Only a fraction of the Far East squadron was present off the Pagoda Anchorage on the morning of 23 August. In particular, none of the Far East squadron's four ironclads was immediately available. Bayard, Courbet's flagship, was at Sharp Peak near the island of Matsu, guarding a vital telegraph station. Atalante was hunting down pirate ships in the Gulf of Tonkin.

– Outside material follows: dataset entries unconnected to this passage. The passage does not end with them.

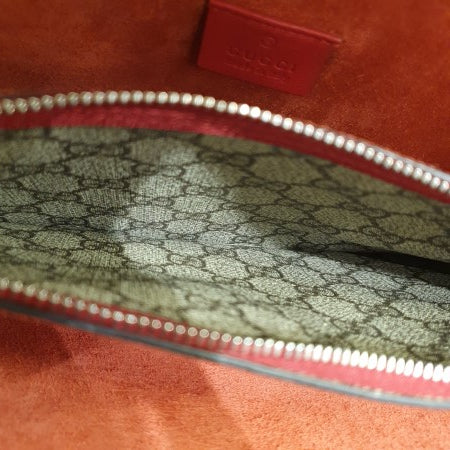 Gucci Bicolor Dionysus Small Bag-handbag-Gucci-The Closet Egypt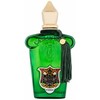 Xerjoff Casamorati 1888 Fiero Eau De Parfum 100ml kvepalai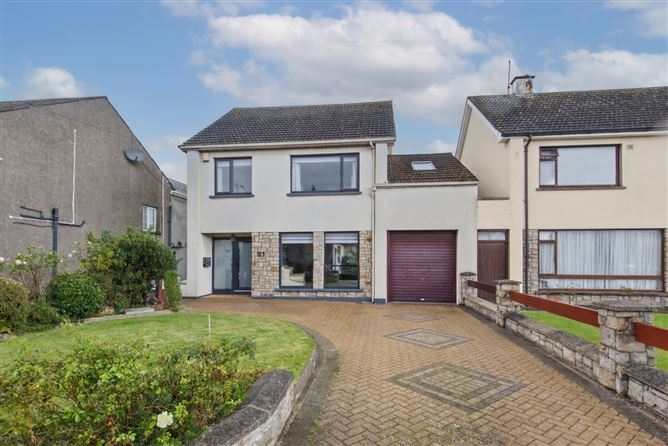 61 Point Road, Dundalk, Co. Louth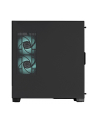 Actina View 7800X3D/32GB/1TB/RTX4080S/850W - nr 13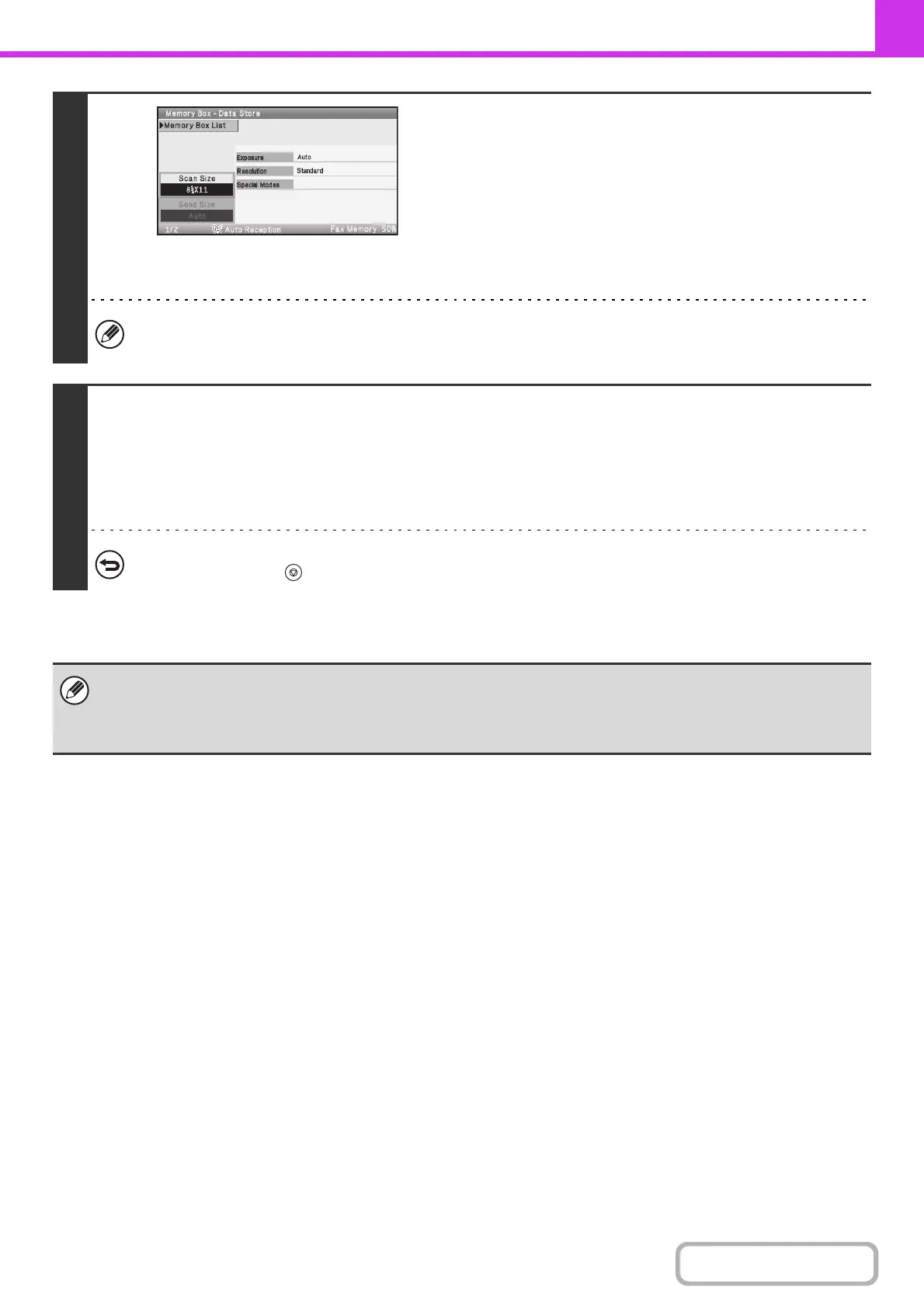 Page #403 background image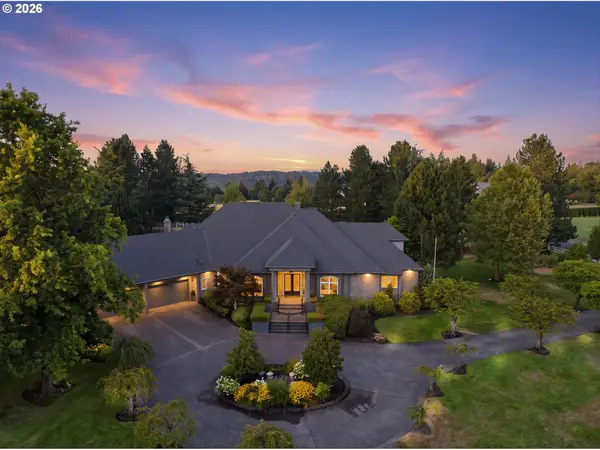 23737 SW Stafford Hill Ranch Dr, WestLinn, OR 97068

Courbet had summoned the ironclads Triomphante from Shanghai and La Galissonnière from Keelung to join him off Fuzhou, but La Galissonnière had been detained at Keelung by bad weather, and although Triomphante was approaching the Min River, it was not clear whether she would be able to cross the bar at its entrance.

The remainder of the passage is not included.